San Diego County hasn’t seen prices rise so fast since the summer of 2013


San Diego County’s median home price rose to a record $725,000 in May, representing a 23 percent increase in one year.

The median price — the point where half of all homes sold for more and half for less — has not risen so fast in the region since summer 2013, when the market rapidly recovered from the Great Recession, according to numbers released Tuesday by data firm DQNews.

Home prices continue to rise nationwide, and especially in Southern California. Experts point to low mortgage rates, intense competition for the limited supply of homes for sale and the increasing fortunes of stay-at-home workers.

It has become the norm to bid over asking price and most buyers have come to expect it, said Samantha O'Brien, a real estate agent with PorchLight in University Heights. She said she had been working with a couple to buy a condo since October. Only this week — after 11 rejected offers — were they successful in grabbing a $425,000 condo in Chula Vista, by offering $35,000 over asking.

“It felt like such a triumph to get my clients into escrow,” O'Brien said.

She said it seems like the number of homes for sale has been increasing in recent weeks, but the demand is as extreme as ever. O'Brien said she was at an open house for a $1.2 million single-family home in Carmel Valley this weekend and it was so packed that it was difficult to move.

Home inventory remained at record lows in May, with 3,790 homes for sale in San Diego County from May 3 to May 30, said the Redfin Data Center. That is down from 6,239 around the same time last year; 8,465 in 2019; 7,768 in 2018; and 6,998 in 2017.
Real estate agents said low mortgage rates continued to motivate some buyers, despite increasing slightly. The interest rate for a 30-year, fixed-rate mortgage was 2.96 percent in May, said Freddie Mac, down from 3.23 percent the year before. The rate is up from December’s average of 2.68 percent, which was the lowest in records going back to 1971.

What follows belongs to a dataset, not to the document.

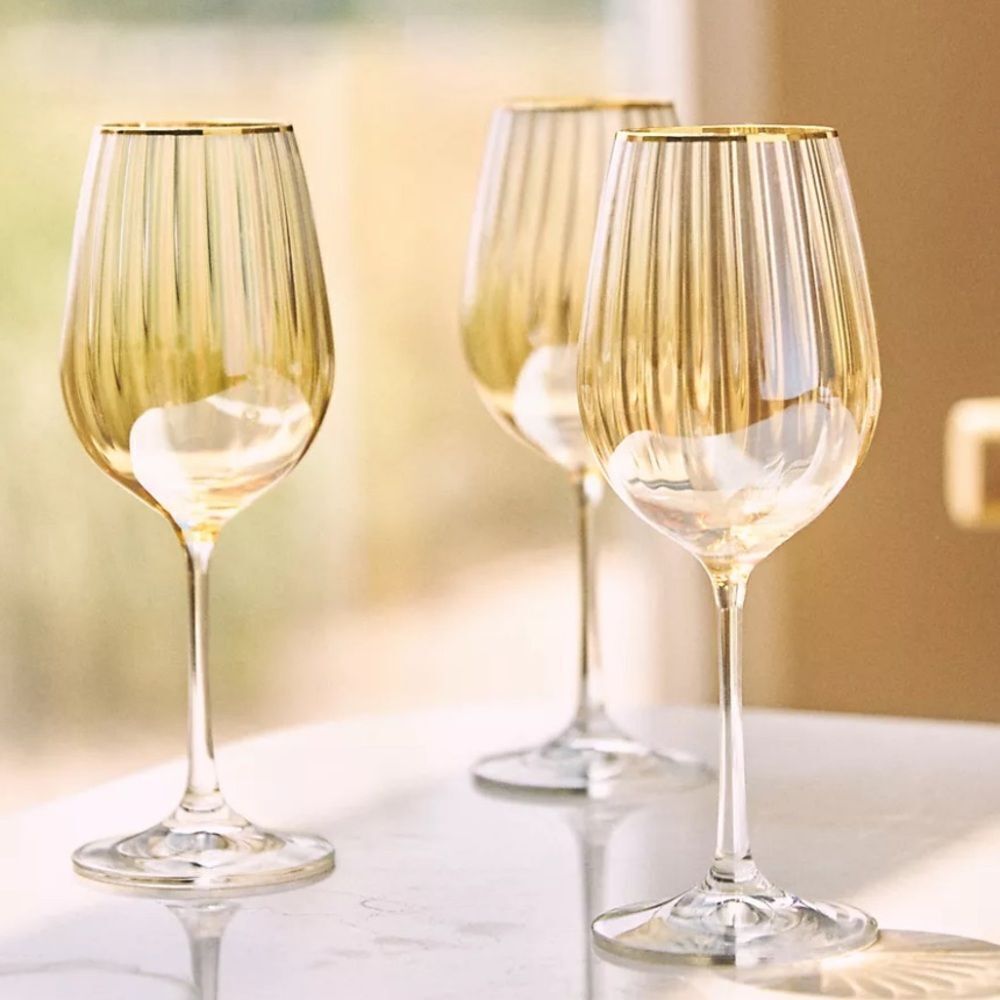 Anthropologie Waterfall Wine Glass Gold Yellow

Sales were up drastically year-over-year in May, mostly reflecting a historic drop in sales of homes that opened escrow in March and April last year. There were 4,222 home sales over that period, up 82 percent from the same time last year.

Lynn Reaser, chief economist with Point Loma Nazarene University, said increasing interest in homeownership by millennials — who make up the majority of the nation’s workforce — and low mortgage rates are pushing prices up.

She also cited several factors that are limiting construction of new homes: Community opposition to new projects, housing regulations in California, and increasing labor and materials costs.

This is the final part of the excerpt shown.